Au total, 25 817 bénévoles ont été suivis pendant cinq ans en moyenne. Ils ont été divisés en deux groupes. L’un supplémenté avec une forte dose de vitamine D (2 000 UI) et un autre qui a reçu un placebo.
L’étude a conclu que la vitamine D n’entraînait pas de réduction significative du risque de cancer ou de maladie cardiovasculaire. Il n’y a pas eu non plus de réduction des décès dus aux maladies cardiovasculaires – mais pour le cancer, il y a eu une réduction de la mortalité, de 17%.
Mais Lazaretti-Castro explique que l’étude a rencontré un obstacle auquel les essais cliniques avec la vitamine D sont souvent confrontés: il est contraire à l’éthique de laisser le groupe de volontaires recevant un placebo déficient en hormone.
L’expérience américaine a donc permis à tous les volontaires, qu’ils soient dans le groupe témoin ou non, de prendre 800 UI de suppléments par jour, ce qui est une bonne quantité.
Dans l’autre groupe, ils ont reçu des doses élevées de vitamine D.
« Cette étude a plusieurs limites. Par exemple, les taux plasmatiques [de vitamine D] étaient déjà élevés dans l’ensemble du groupe. Donc était-il nécessaire d’augmenter la dose ? Probablement pas », souligne le médecin.
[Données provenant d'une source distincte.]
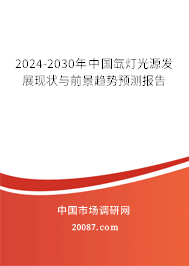 2024-2030年中国氙灯光源发展现状与前景趋势预测报告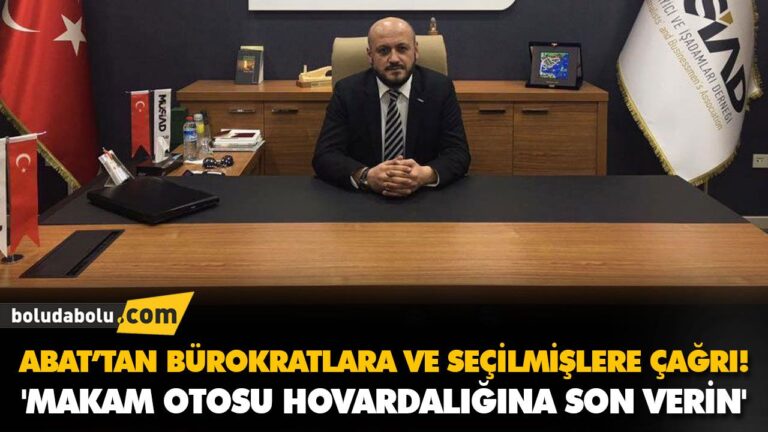 ABAT’TAN BÜROKRATLARA VE SEÇİLMİŞLERE ÇAĞRI!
La nécessité de trouver des alternatives au recrutement de volontaires ayant de bons niveaux de l’hormone et de suivre les participants pendant au moins cinq ans a été préconisée dans les éditions précédentes.
Un autre défi pour les études est d’évaluer les effets sur la santé de l’exposition au soleil.
Les scientifiques ont également débattu sur les valeurs de référence des 25 hydroxyvitamine D dans le sang.
« Il y a consensus sur deux points : les niveaux de 25(OH)D inférieurs à 12 ng / mL sont clairement déficients à tous les âges et les niveaux supérieurs à 30 ng / mL sont clairement suffisants.
En revanche, il existe des désaccords sur la façon de classer les niveaux entre 12 et 30 ng / ml ».
Une question qui a fait objet de débat est de savoir à quel point une dose élevée de vitamine D pose des risques pour la santé.
Marcela Mendes soulève encore une autre question: selon la nutritionniste, au Brésil, nous importons encore beaucoup de recommandations d’institutions étrangères, sans tenir compte des particularités de notre pays.
Mais elle souligne une certitude.
«L’avenir de la vitamine D réside dans la découverte de son indispensabilité.»